Breaking parallel loops in .NET C# using the Break method

It’s not uncommon to break the execution of a for/foreach loop using the ‘break’ keyword. A for loop can look through a list of integers and if the loop body finds some matching value then the loop can be exited. It’s another discussion that ‘while’ and ‘do until’ loops might be a better alternative, but there you go.

You cannot simply break out from a parallel loop using the break keyword. However, we can achieve the effect with the ParallelLoopState class. In this post we looked at using the Stop method of the ParallelLoopState class. Here we’ll look at a slightly different method of the same class: Break(). Let’s say we have the following integer array…:

List<int> integers = new List<int>();

for (int i = 0; i <= 100; i++)
{
	integers.Add(i);
}

…and we want to break the loop as soon as we’ve found a number higher than 50. Both Parallel.For() and Parallel.ForEach() accepts an Action of T parameter as we saw before. This Action object has an overloaded version: Action of T and ParallelLoopState. The loop state is created automatically by the Parallel class. The loop state object has a Break method which stops the loop execution. To be more precise: if Break is called in the 5th iteration, then only those iterations will be started afterwards that are required to process items 1-4. Other iterations may have been started by the scheduler of course and they will run complete. So it is guaranteed that at least the first five items will be processed. Break() can even be called multiple times if the processing of multiple items results in breaking the code. In the below example if n separate threads are started with an integer higher than 50 then Break will be called n times:

Parallel.ForEach(integers, (int item, ParallelLoopState state) =>
{
	if (item > 50)
	{
		Console.WriteLine("Higher than 50: {0}, exiting loop.", item);
		state.Break();
	}
	else
	{
		Console.WriteLine("Less than 50: {0}", item);
	}
});

If Break is called more than once then the lowest item will be taken as a boundary by the Parallel class. If Break is called at items 5, 10 and 15 then all iterations required to process items 1-5 will be completed.

View the list of posts on the Task Parallel Library here.

How to cancel parallel LINQ queries in .NET C#

We saw in several posts on TPL on this blog how the CancellationToken object can be used to cancel Tasks. They can be used to cancel parallel queries as well. An instance of the token must be supplied to the WithCancellation extension method.
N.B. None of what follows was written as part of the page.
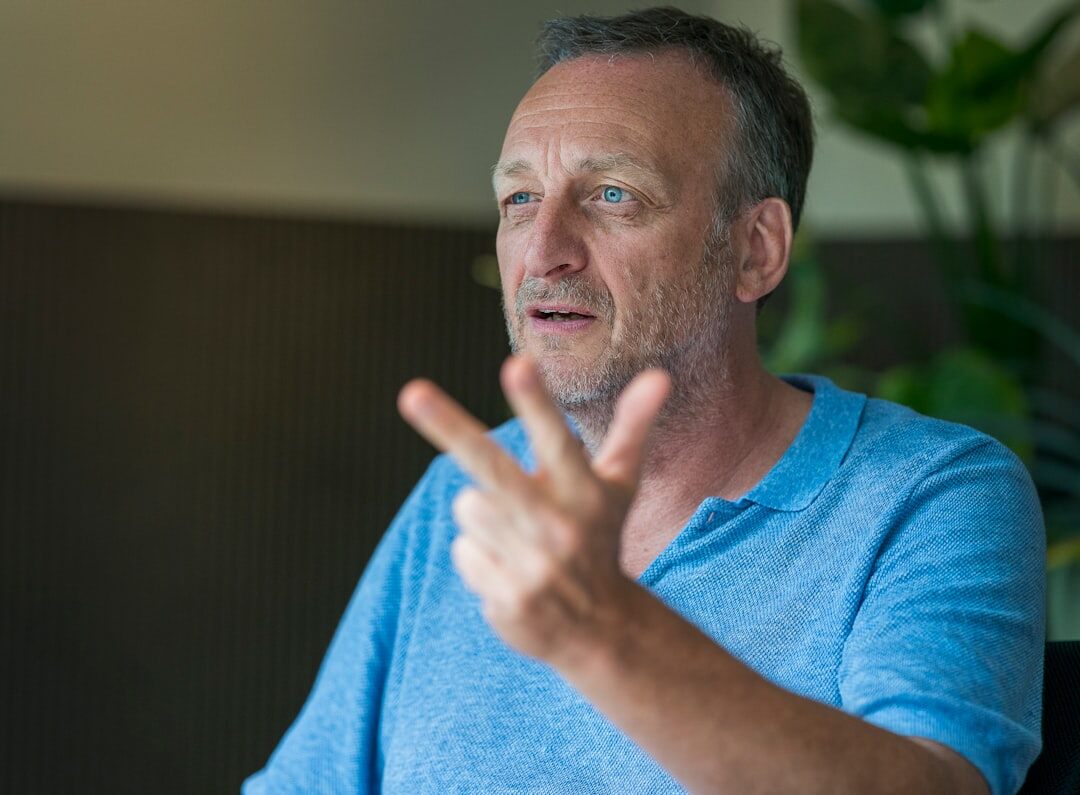 Friendly Uruguayan man in his forties posing for a television host portrait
Define the cancellation token and the data source:

CancellationTokenSource cancellationTokenSource
	= new CancellationTokenSource();

int[] integerArray = new int[10000000];
for (int i = 0; i < integerArray.Length; i++)
{
	integerArray[i] = i;
}

Define the query. Notice how the token is provided to the query:

IEnumerable<double> query = integerArray
	.AsParallel()
	.WithCancellation(cancellationTokenSource.Token)
	.Select(item =>
	{
		return Math.Sqrt(item);
	});

Start a separate task that will cancel the token after 5 seconds:

Task.Factory.StartNew(() =>
{
	Thread.Sleep(5000);
	cancellationTokenSource.Cancel();
	Console.WriteLine("Token source cancelled");
});

Loop through the query results and catch the OperationCancelledException:

try
{
	foreach (double d in query)
	{
		Console.WriteLine("Result: {0}", d);
	}
}
catch (OperationCanceledException)
{
	Console.WriteLine("Caught cancellation exception");
}

Do not assume that cancelling the token will cause the item processing to stop immediately. Items that were already being processed when the token was cancelled will be completed.
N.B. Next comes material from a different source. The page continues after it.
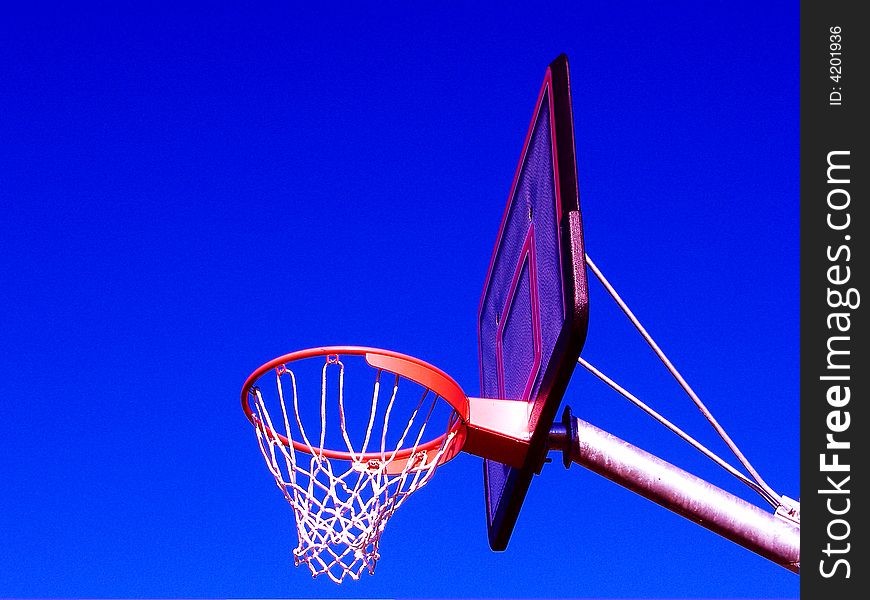 Basket ball net and ring from the side against blue sky. Basket ball net and ring from the side against blue sky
View the list of posts on the Task Parallel Library here.

Parallel LINQ in .NET C#: keeping the order

In this post we saw a simple example of PLINQ. We saw that the items are processed in an arbitrary order.

Consider the following:

int[] sourceData = new int[10];
for (int i = 0; i < sourceData.Length; i++)
{
	sourceData[i] = i;
}

IEnumerable<int> parallelResults =
	from item in sourceData.AsParallel()
	where item % 2 == 0
	select item;

foreach (int item in parallelResults)
{
	Console.WriteLine("Item {0}", item);
}

When I ran the code on my machine I got the following output:

0, 4, 6, 8, 2

What if you want the items to be processed in an ascending order? Just append the AsOrdered() extension method:

IEnumerable<int> parallelResults =
	from item in sourceData.AsParallel().AsOrdered()
	where item % 2 == 0
	select item;

This produces the same order as a sequential query execution but with the benefits of parallel execution. However, there’s a small cost to this. Without ordering PLINQ could freely decide how to start and optimise the threads. Now there’s a performance cost to restore the order with the AsOrdered extension method. Keep this in mind and only use ordering if it really matters. Otherwise you can order the resulting list with “normal” LINQ afterwards.

View the list of posts on the Task Parallel Library here.
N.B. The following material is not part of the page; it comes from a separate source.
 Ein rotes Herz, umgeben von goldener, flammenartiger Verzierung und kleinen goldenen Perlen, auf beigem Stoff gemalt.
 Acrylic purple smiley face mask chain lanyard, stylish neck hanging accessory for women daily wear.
Handling exceptions in parallel loops in .NET C#

If a thread in a parallel loop throws an exception then no new iterations will be started. However, iterations already in progress are allowed to run to completion.

You can check if some other iteration has thrown an exception using the the ParallelLoopState class. This class has an IsExceptional property:

Parallel.For(0, 10, (int index, ParallelLoopState state) =>
{
	if (state.IsExceptional)
	{
		//do something
	}
});

All exceptions throw within the parallel loop are collected within an AggregateException object:

List<int> integers = new List<int>();

for (int i = 0; i <= 100; i++)
{
	integers.Add(i);
}

try
{
	Parallel.ForEach(integers, (int item, ParallelLoopState state) =>
	{
		if (item > 50)
		{
			throw new ArgumentNullException("Something has happened");
		}
		else
		{
			Console.WriteLine("Less than 50: {0}", item);
		}

		if (state.IsExceptional)
		{
			Console.WriteLine("Exception!");
		}

	});
}
catch (AggregateException ae)
{
	ae.Handle((inner) =>
	{
		Console.WriteLine(inner.Message);
		return true;
	});
}

You can read more about handling exceptions throw by tasks here, here and here.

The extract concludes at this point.